Para aprender, para convertirse en iniciado, hay que realizar un curso de diez días, en condiciones de aislamiento y silencio total, observando un estricto código de disciplina: separación total de hombres y mujeres, voto de silencio y una agenda diaria de actividades regida por els sonido del gong, que empieza a las 4 am.

Dhamma Sukhada abrió su tranquera al público para dictar un curso por primera vez en 2013, pero existen capítulos anteriores. La organización local recibió, años antes, una donación importante de sus mentores internacionales, pero que no alcanzaba para cubrir los costos de la compra del predio y la construcción.

Entonces, las autoridades optaron por comprar una fracción más grande que la necesaria. Cuando el precio de la tierra subió, subdividieron, vendieron y con eso se fondearon para construir dormitorios, cocinas y la sala de meditación, el corazón del centro. La historia confirma una de las máximas del maestro, SN Goenka, según la cual la meditación budista ofrece recompensa y beneficios en esta vida, de manera inmediata. Entre ellas, la claridad mental para tomar decisiones.

Los que adoptan la técnica la practican a diario en sus casas y, si siguen los preceptos, vuelven a tomar un curso cada año. La meditación les aporta dominio de sí mismos, autoconocimiento y paz mental, que de a poco van contagiando a su entorno.

En Brandsen, que sigue teniendo vida de pueblo, la novedad generó una cierta desconfianza inicial. Tal vez, por los ecos del documental “Wild Wild Country”. Producida por Netflix, la docuserie narra los hechos reales de cómo el líder espiritual Osho creó un centro de meditación en un pequeño pueblo de Oregon, EEUU, y junto con sus seguidores lo convirtió en un pequeño caos. Pero Osho y Goenka son, o eran, porque uno falleció en 1990 y el otro en 2012, como el agua y el aceite. Sobre todo, en cuanto a su posición respecto a la moralidad.

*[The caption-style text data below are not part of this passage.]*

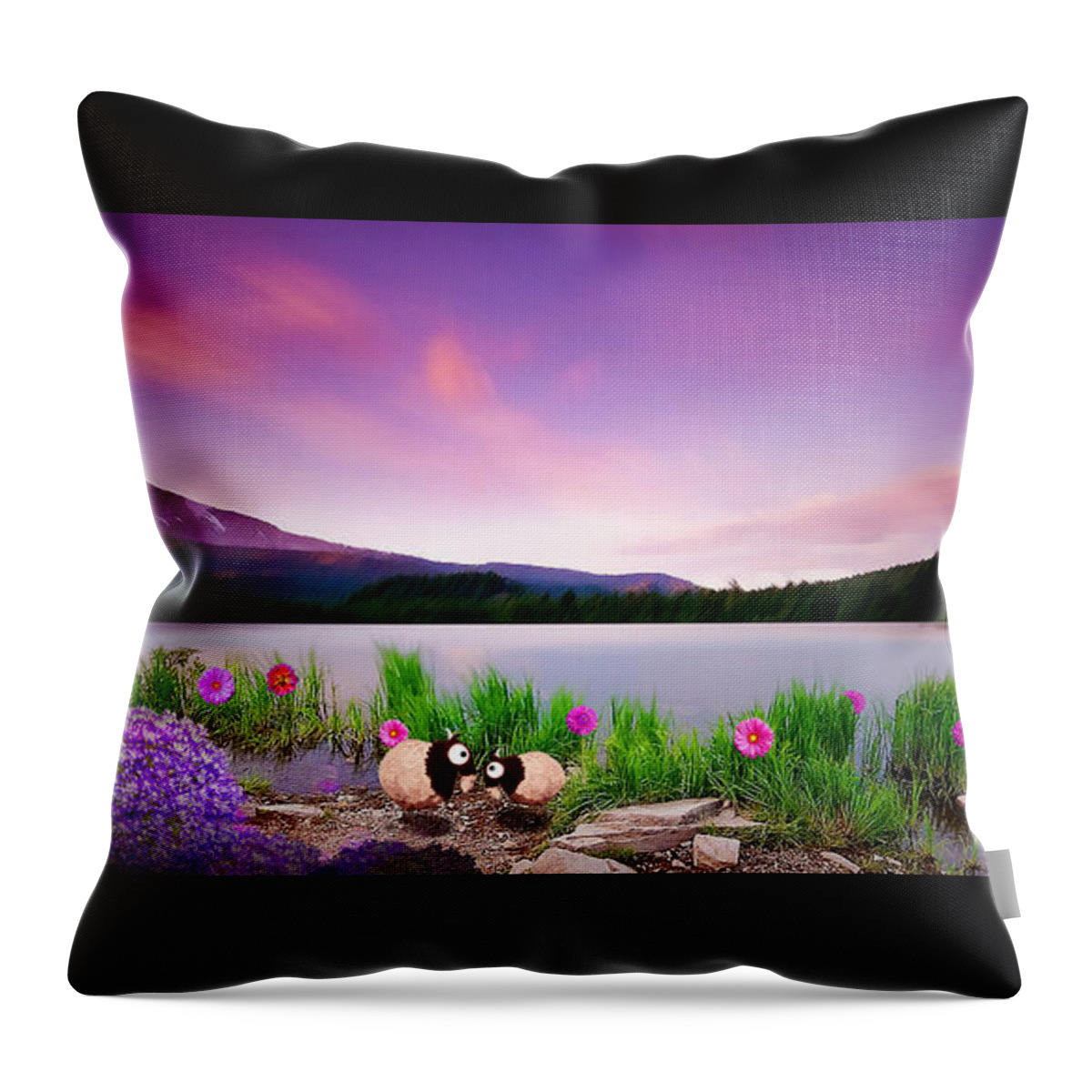 Landscape Throw Pillow featuring the painting First Light by Mindy Huntress
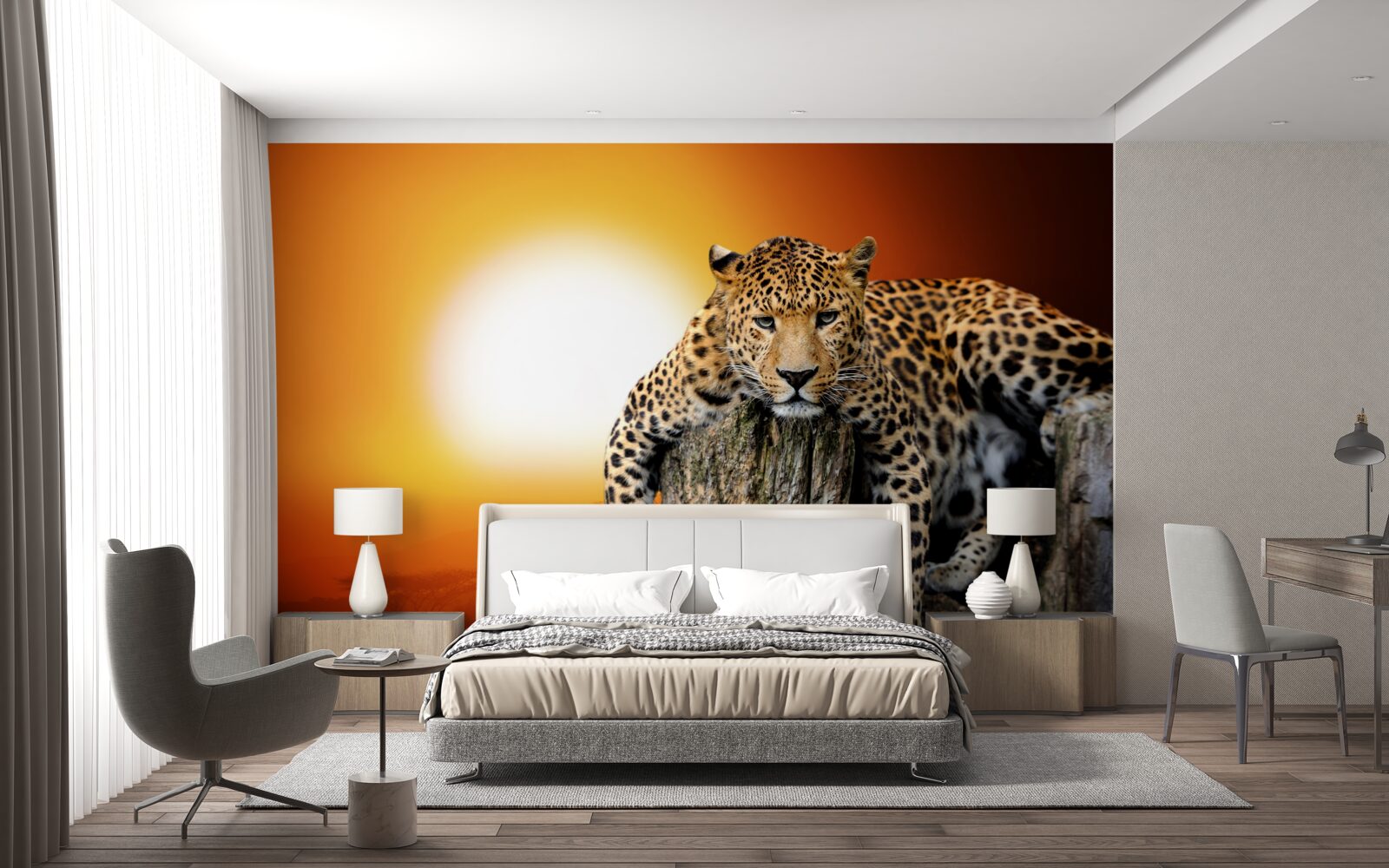 Fototapeta leopard si užíva západ slnka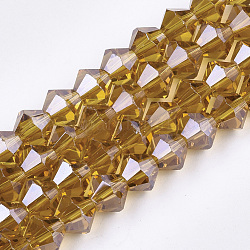 Abalorios de vidrio electroplate hebras, lustre de la perla chapado, facetados, bicono, vara de oro, 6x5.5~6mm, agujero: 1 mm, aproximamente 44~47 pcs / cadena, 11.02 pulgada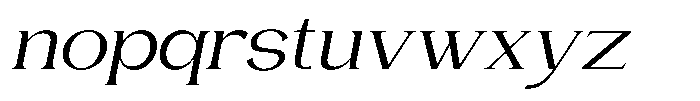 Gentano Athiroen  Serif Medium Ultra Expanded Slanted Font LOWERCASE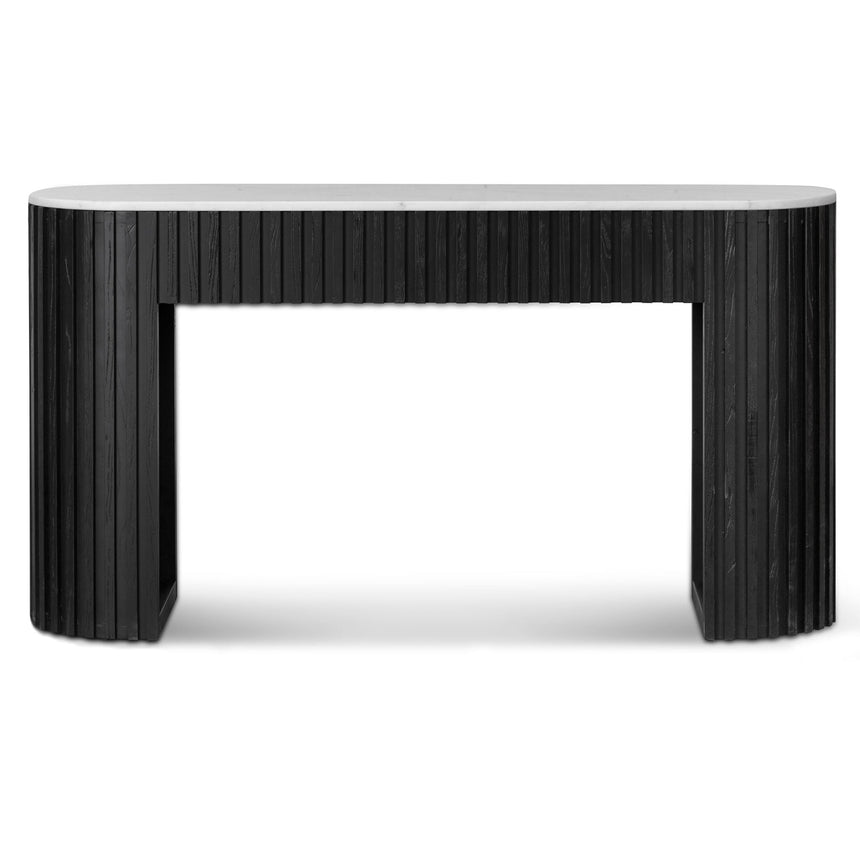 1.5m White Marble Console Table - Black - View 2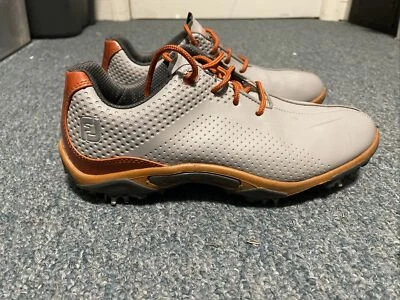 FootJoy Junior Youth 6 M Gray & Orange Leather Golf Shoes Cleats w/ Orange Laces - Image 1 of 4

La desconfianza inicial fue cediendo, especialmente, gracias a la tarea de taxistas y remiseros, que llevaban y traían a los meditadores, asistentes y profesores, desde la estación hacia Dhamma Sukhada y viceversa. Ellos mismos hicieron de líderes de opinión, al contar al resto de la comunidad que los nuevos vecinos eran gente pacífica y amable. Claro que aportaron lo suyo también. En el centro ríen cada vez que recuerdan que uno instaló que la construcción había sido posible gracias a un aporte económico de… Susana Giménez.

En nuestra región, hay centros de meditación similares en San Pablo y Río de Janeiro. El más reciente, Dhamma Viriya, se abrió en la localidad de Capilla del Señor, provincia de Córdoba. A los centros argentinos llegan estudiantes, nuevos e iniciados, de Uruguay, Chile, Bolivia, Perú y Colombia.

Los centros de todo el mundo son muy similares entre sí en su arquitectura y exactamente iguales en su funcionamiento. Los centros argentinos tienen una particularidad. En la cocina hay un cartel que dice “el mate sólo está permitido en horarios de descanso”.

El cartel se dirige a los “servidores”, palabra con que se designa a los estudiantes antiguos que desean donar (dar dana) parte de su tiempo para el funcionamiento del centro, para que otros tengan la misma oportunidad de aprender que ellos tuvieron.

Gracias a esta política de voluntariado, en una cocina moderna y equipada para alimentar a ochenta comensales, pueden convivir armoniosamente un irlandés mochilero, una aeronavegante en plena crisis con su profesión, un acompañante terapéutico o un estudiante de una universidad del conurbano. 

Toda la actividad se sostiene en base a los aportes voluntarios de dinero, trabajo y tiempo de los practicantes, de manera que el dinero no sea una barrera de acceso.

Con los años, la presencia de Dhamma Sukhada se fue naturalizando hasta volverse parte del paisaje de Brandsen. El pueblo vecino aporta, además de los proveedores, buena cantidad de estudiantes que se acercan, en algunos casos, criollos de bombacha de campo y alpargatas.

La comida es vegetariana, por el precepto de no matar ningún animal. Algunos incorporan estas costumbres a su vida cotidiana, pero no es obligatorio. Recientemente, un meditador detuvo su moto en una parrilla al paso, justo antes de comenzar un curso.

-¿Qué te doy?

-Algo al pan, que salga rápido.

-Vacío.

-Dale.

-No sos de por acá.

-No, voy al centro de meditación.

-Entonces te lo hago bien cargado, porque no vas a comer carne por diez días.